___ Dataset content
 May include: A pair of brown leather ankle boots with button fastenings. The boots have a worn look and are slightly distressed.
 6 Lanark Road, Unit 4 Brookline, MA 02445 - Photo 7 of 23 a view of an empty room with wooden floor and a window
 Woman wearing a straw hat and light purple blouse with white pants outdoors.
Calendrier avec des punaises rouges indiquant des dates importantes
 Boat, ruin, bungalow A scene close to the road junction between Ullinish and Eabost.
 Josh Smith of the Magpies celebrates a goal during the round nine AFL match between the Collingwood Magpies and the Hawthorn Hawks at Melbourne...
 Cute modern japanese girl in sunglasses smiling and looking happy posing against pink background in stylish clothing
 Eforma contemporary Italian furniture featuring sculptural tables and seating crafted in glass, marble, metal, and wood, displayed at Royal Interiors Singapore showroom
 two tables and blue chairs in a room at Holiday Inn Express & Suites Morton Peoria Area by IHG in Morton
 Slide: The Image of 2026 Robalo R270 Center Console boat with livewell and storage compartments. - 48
______
> What you are asked to do:
Your response should hold the lines from the first line of the entries above through the line with "Boat, ruin, bungalow", each retyped exactly, and nothing else.

> Result of this task:
 May include: A pair of brown leather ankle boots with button fastenings. The boots have a worn look and are slightly distressed.
 6 Lanark Road, Unit 4 Brookline, MA 02445 - Photo 7 of 23 a view of an empty room with wooden floor and a window
 Woman wearing a straw hat and light purple blouse with white pants outdoors.
Calendrier avec des punaises rouges indiquant des dates importantes
 Boat, ruin, bungalow A scene close to the road junction between Ullinish and Eabost.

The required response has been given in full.